Fatteh is a popular breakfast, lunch and dinner dish served a little differently across the Levant. It can be prepared in one large platter to share immediately or can be served build-your-own style. We love the freshness of this dish and customizability to individual taste!

This dish features a layer of crunchy toasted pita bread followed by a layer of creamy chickpeas, then tangy mint yogurt and finely a layer of tender flavorful strip loin beef. We like to finish off the fatteh with toasted pin nuts for depth of flavor, some pomegranate seeds for pops of freshness in your mouth and a sprinkle of minced parsley. The final result is a harmonious marriage of textures and flavors that absolutely explode in your mouth. 

Our addition of mint to our fatteh dishes is less traditional but we love the flavor combination and added freshness so it’s become standard in our house.

If you’re short on time or only have canned chickpeas, they will do the trick. But to get the best tasting fatteh we highly recommend cooking chickpeas from dry rather than using canned. This will result in a much creamier chickpea. Happy Cooking!

 

 

Fatteh {فتّة}

This traditional levant dish features a layer of crunchy toasted pita bread followed by a layer of creamy chickpeas, then tangy mint yogurt and finely a layer of tender flavorful strip loin beef.
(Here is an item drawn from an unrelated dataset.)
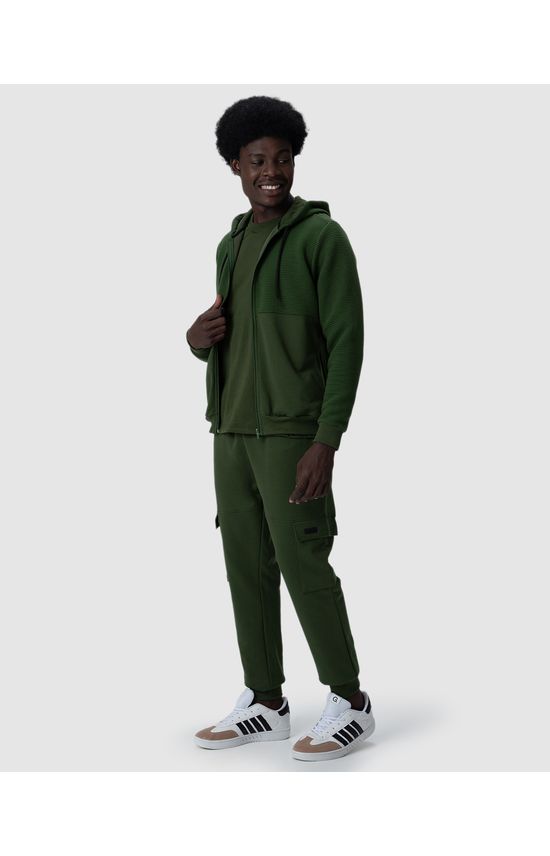 Calça Jogger Masculina Bolso Cargo Em Moletom Flanelado
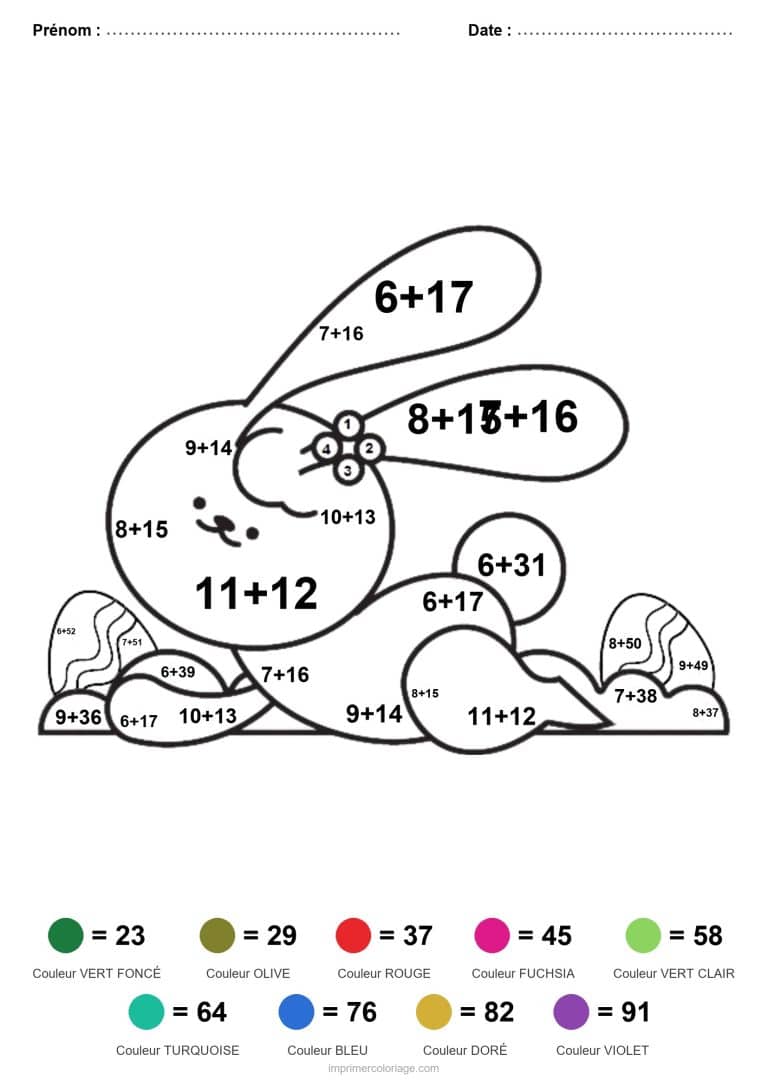 coloriage magique cm2 lapin couche addition - dessin gratuit &agrave; imprimer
We like to finish it with toasted pin nuts for depth of flavor, some pomegranate seeds for pops of freshness in your mouth and a sprinkle of minced parsley.
Prep Time 10 minutes
Cook Time 8 minutes
Assembly Time 5 minutes
Servings 4 servings

Ingredients
  

  • 3 1/2 cups chickpeas fresh or canned
  • 1 cup water
  • 2 1/2 cups yogurt
  • 1/2 cup raw pine nuts
  • 1/4 cup butter
  • 5 tsp mint
  • 2 tbsp tahini
  • 1/2 lb Strip loin beef Finely chopped
  • 2 tsp 7 spice
  • 3 cloves minced garlic
  • 1.5 – 2 medium pitas split and toasted
  • 1/2 cup pomegranate seeds
  • 1/2 cup parsley finely chopped
  • salt to taste

Instructions
 

Pita Bread

  • Toast pita bread until golden; once cooled, break into smaller pieces and set aside. TIP: If you'd like a uniform pieces of pita, cut before toasting. You can also fry the bread if that's your preference.

Yogurt

  • In a bowl mix yogurt, 2 cloves of minced garlic , tahini, 3 tsp mint and salt until combined; set a side.

Chickpeas

  • In a pot add cooked chickpeas, 3 cloves minced garlic, salt, water, 3 tsp mint; heat on medium until warmed through.

Meat

  • In a frying pan on medium high heat add oil, meat, 7 spice and salt. pan fry until meat is cooked through.

Pine Nuts

  • In a separate frying pan add butter on medium heat, add pine nuts and fry until golden. remove from heat.

Assembly

  • In your chosen dish or plate start with a layer of pita bread
  • Scoop chickpeas over pita.
  • Add generous amount of yogurt.
  • If you chose to add meat, add desired amount over yogurt.
  • Finish with toasted pine nuts and butter.
  • For garnish top with pomegranate seeds and minced parsley (optional).
  • Serve immediately!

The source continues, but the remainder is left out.